[Web page caption snippets]
**********
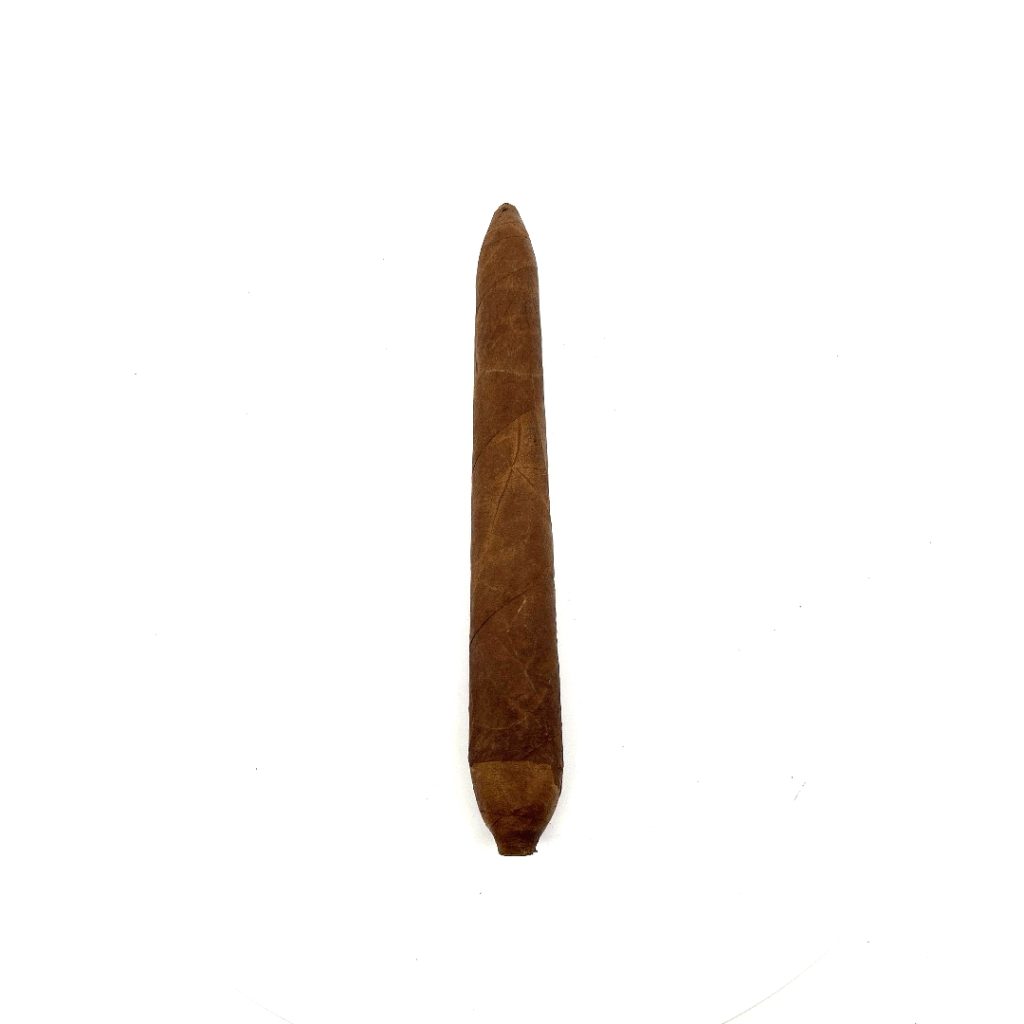Cigar Art "Beehive" Salomon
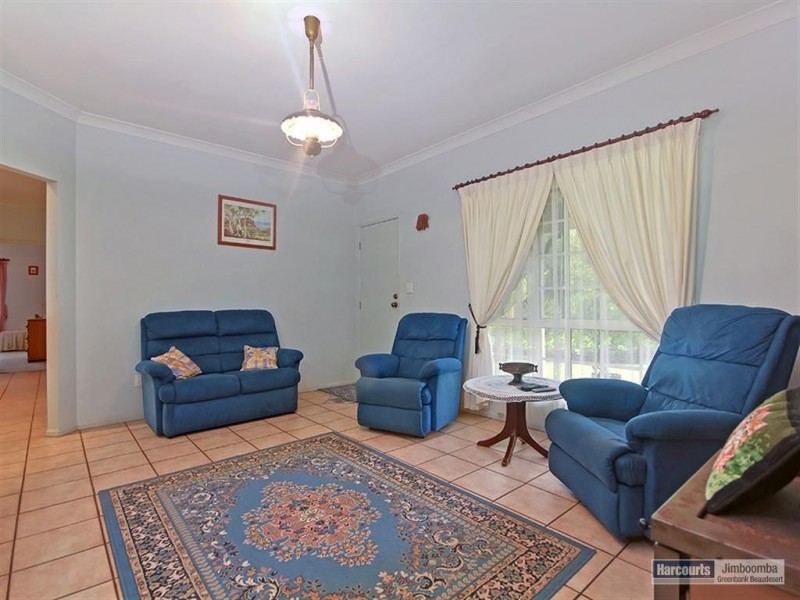 Greenbank QLD 4124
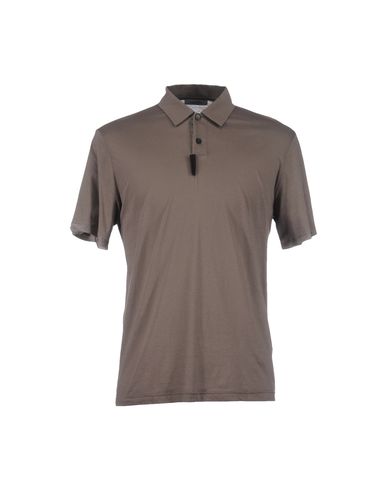 ZOOM VALENTINO - Polo shirt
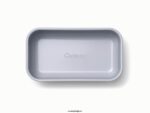 Caraway batterie de cuisine ardoise moule à pain T6TFV178 - Image 2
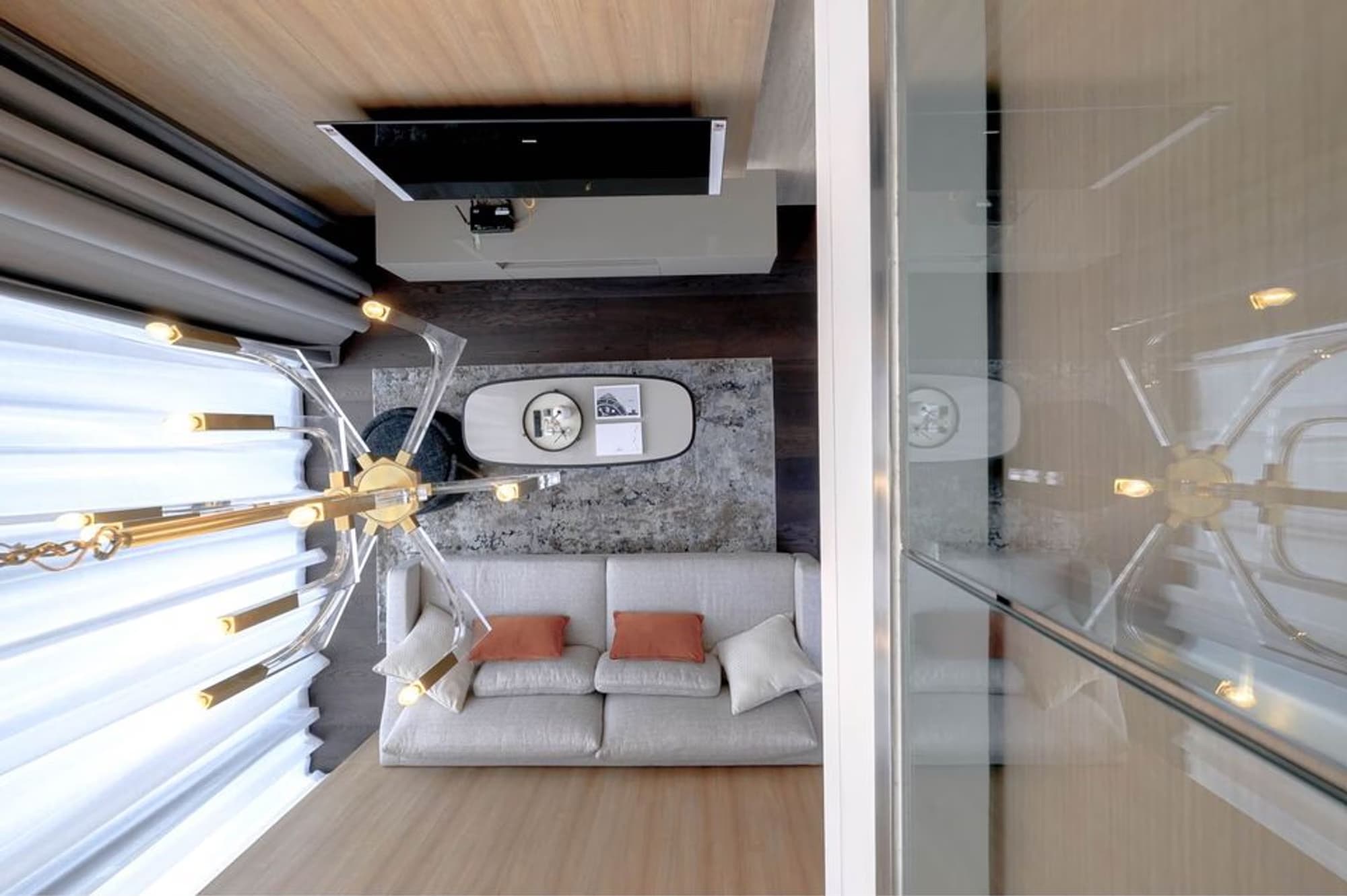 Condo for Rent, Sale at Laviq Sukhumvit 57 - Image 9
**********
Your task - A faithful copy of all the lines above is needed, with the pictures omitted.

Answer to this exercise -
Cigar Art "Beehive" Salomon
 Greenbank QLD 4124
 ZOOM VALENTINO - Polo shirt
 Caraway batterie de cuisine ardoise moule à pain T6TFV178 - Image 2
 Condo for Rent, Sale at Laviq Sukhumvit 57 - Image 9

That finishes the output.